What IS hiding in your closet ???
I am very new to blogging, I really don’t know a whole lot. Today while I was exploring, I came across The Daily Post’s daily prompt. I figured I should give this a try.
I have to be honest, there are probably 3 people in the whole world who actually know me. I would say 2 of those people know me better than myself. As a child (and still as an adult) I had night terrors, I had nightmares of a man that lived in my closet, he would open the sliding door and stare at me while I slept. He was a large man, normally eating and he was terrifying. Now come to think of it, in my dreams I can’t remember a single time where he tried to hurt me, even though I was sure he was trying to kill me. It’s funny how something like that can cause terror on you as a child. With an imagination so intense and vivid and yet, no concept of rational thinking. My daughter, much like myself at her age checks the closet every night before she goes to bed, the closet door must be open. It’s funny, as children the door needs to be open and we need to be sure there is NOTHING in our closets. As adults we’re constantly shoving things in the closet hoping no one opens the door.

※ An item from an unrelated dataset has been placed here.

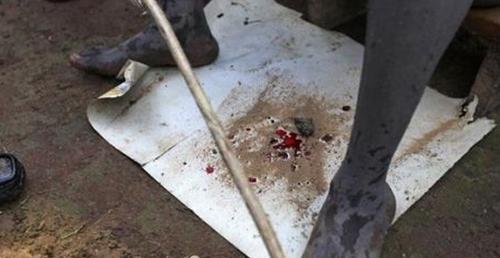 女性割礼指的是什么意思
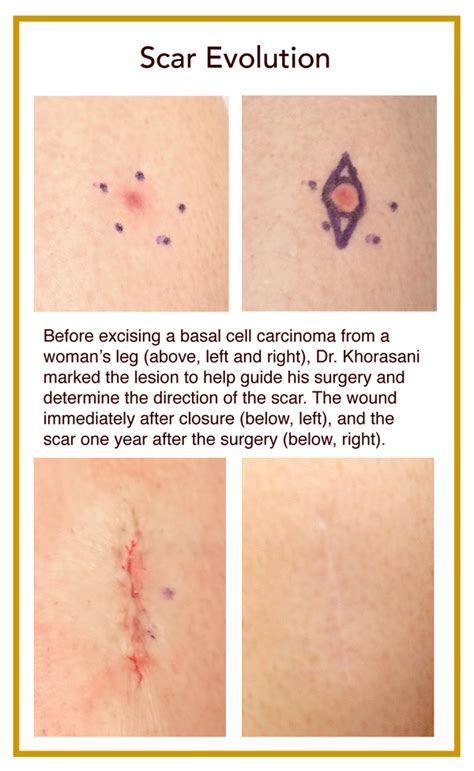 Scar Healing Raised At Rubye Wroten Blog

If there was ever an award for bad choices, I am positive that award belongs to me. For the longest time, I tried to keep everyone away from the skeletons in my closet (red door in my brain). It was important that no one knew who I was or what I had been through. I was careful to be very “upfront and honest”, it seemed as though I was an open book. This was just not the case, it’s easy to filter information when it’s coming from you. I was ashamed and embarrassed, after being judged for many things you begin to expect it. What I neglected to see was that, whatever is hiding in my closet, lerking behind that red door is no ones business but my own. For them to judge shows only the things they hate most about themselves, as judgment is often more about the judger than the judgee. I am at a point in my life where my skeletons, mistakes and choices are not embarrassing. They are lessons, no only for me but for others who are walking a similar line. They are a constant reminder of my strengths and weaknesses. When we stop feeling afraid about who we are and what we have been through, a whole new world of opportunity opens up.
A few important rules to live by… Be careful who you confide in, chose your company wisely, never feel ashamed about your past, after all it did make you one bad ass mother fucker!